§ **Work to be completed**
In the listing below, find the line with "Thumbnail von Panerai" and the line with "Marvel Puzzle Quest: Dark". Repeat those two lines and all lines between them exactly.

§ **Data for this exercise**
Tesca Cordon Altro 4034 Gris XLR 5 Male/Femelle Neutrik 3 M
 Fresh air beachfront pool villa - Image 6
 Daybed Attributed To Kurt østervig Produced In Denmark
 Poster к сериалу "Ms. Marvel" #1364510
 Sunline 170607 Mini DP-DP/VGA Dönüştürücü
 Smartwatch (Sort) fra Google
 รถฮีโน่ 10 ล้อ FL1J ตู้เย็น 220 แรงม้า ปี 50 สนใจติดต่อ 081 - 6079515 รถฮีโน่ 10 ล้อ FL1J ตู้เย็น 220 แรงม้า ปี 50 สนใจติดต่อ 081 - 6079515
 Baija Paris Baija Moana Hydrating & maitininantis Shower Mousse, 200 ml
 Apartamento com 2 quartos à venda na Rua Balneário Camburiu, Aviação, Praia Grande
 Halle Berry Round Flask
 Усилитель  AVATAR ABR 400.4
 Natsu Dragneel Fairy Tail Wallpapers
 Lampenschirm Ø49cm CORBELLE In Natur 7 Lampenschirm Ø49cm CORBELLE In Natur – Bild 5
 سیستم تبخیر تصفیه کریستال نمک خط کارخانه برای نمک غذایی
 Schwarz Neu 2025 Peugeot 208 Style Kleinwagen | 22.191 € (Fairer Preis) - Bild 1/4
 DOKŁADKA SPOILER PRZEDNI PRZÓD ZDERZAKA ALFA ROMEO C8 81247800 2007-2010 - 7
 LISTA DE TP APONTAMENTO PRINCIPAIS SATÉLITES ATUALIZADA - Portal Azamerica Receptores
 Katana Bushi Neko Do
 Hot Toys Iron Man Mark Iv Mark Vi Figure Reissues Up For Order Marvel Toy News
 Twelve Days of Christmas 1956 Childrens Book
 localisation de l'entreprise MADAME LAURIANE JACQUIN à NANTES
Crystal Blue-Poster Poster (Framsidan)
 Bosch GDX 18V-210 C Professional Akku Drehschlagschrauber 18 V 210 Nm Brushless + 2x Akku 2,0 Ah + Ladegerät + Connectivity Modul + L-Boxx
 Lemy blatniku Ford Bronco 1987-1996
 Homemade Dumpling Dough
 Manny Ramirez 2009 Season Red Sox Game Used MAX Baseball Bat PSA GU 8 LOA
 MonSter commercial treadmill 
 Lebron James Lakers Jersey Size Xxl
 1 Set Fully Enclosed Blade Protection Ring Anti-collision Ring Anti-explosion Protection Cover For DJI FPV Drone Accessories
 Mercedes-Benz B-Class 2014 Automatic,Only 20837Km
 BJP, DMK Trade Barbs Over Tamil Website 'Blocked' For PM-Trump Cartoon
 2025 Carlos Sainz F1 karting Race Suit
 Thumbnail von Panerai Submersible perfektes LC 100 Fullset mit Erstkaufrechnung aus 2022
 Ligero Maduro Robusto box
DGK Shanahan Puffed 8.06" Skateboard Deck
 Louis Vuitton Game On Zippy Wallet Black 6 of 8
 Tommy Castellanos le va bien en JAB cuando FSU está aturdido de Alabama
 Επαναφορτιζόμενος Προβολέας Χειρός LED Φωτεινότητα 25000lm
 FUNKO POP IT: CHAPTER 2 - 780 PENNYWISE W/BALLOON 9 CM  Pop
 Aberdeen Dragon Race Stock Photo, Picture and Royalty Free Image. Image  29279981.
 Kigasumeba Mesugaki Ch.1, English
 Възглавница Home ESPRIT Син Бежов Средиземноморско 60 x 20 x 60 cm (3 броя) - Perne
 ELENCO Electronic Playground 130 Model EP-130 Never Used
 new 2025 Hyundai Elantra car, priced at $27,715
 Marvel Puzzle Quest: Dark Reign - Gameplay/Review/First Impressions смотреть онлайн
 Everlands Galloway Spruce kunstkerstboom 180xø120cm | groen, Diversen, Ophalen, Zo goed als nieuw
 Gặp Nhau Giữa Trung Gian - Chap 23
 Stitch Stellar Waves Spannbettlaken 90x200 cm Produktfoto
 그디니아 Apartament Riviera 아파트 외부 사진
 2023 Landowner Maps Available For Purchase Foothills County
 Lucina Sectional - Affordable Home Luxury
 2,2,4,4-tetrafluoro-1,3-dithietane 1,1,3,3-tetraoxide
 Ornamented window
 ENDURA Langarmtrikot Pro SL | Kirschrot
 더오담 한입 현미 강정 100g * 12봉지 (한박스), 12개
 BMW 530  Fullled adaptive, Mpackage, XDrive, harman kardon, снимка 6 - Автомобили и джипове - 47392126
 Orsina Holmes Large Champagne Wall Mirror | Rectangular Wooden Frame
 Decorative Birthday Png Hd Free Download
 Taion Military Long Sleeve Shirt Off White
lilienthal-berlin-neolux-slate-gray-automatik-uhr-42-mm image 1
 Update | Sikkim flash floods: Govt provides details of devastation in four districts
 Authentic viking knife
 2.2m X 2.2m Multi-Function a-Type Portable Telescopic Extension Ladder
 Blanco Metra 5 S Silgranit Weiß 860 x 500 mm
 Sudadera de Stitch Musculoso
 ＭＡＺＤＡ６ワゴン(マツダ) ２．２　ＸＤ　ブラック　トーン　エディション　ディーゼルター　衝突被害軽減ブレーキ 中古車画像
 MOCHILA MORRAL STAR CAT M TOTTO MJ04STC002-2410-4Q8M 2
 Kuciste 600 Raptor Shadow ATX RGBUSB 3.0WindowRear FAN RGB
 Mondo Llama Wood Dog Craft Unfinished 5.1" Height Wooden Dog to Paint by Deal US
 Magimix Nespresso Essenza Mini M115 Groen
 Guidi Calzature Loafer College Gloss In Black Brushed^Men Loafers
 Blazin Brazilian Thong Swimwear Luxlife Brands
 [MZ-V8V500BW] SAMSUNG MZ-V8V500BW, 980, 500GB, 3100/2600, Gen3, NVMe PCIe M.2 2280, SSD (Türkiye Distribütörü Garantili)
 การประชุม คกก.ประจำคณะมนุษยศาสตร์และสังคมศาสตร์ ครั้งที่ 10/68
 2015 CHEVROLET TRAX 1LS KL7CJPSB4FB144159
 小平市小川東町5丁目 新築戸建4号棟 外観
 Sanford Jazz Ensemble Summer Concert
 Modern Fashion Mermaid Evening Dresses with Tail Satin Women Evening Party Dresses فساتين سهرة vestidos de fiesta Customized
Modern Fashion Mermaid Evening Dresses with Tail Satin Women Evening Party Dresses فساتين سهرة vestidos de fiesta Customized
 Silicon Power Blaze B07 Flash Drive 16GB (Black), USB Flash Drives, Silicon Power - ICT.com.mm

§ **Response area**
 Thumbnail von Panerai Submersible perfektes LC 100 Fullset mit Erstkaufrechnung aus 2022
 Ligero Maduro Robusto box
DGK Shanahan Puffed 8.06" Skateboard Deck
 Louis Vuitton Game On Zippy Wallet Black 6 of 8
 Tommy Castellanos le va bien en JAB cuando FSU está aturdido de Alabama
 Επαναφορτιζόμενος Προβολέας Χειρός LED Φωτεινότητα 25000lm
 FUNKO POP IT: CHAPTER 2 - 780 PENNYWISE W/BALLOON 9 CM  Pop
 Aberdeen Dragon Race Stock Photo, Picture and Royalty Free Image. Image  29279981.
 Kigasumeba Mesugaki Ch.1, English
 Възглавница Home ESPRIT Син Бежов Средиземноморско 60 x 20 x 60 cm (3 броя) - Perne
 ELENCO Electronic Playground 130 Model EP-130 Never Used
 new 2025 Hyundai Elantra car, priced at $27,715
 Marvel Puzzle Quest: Dark Reign - Gameplay/Review/First Impressions смотреть онлайн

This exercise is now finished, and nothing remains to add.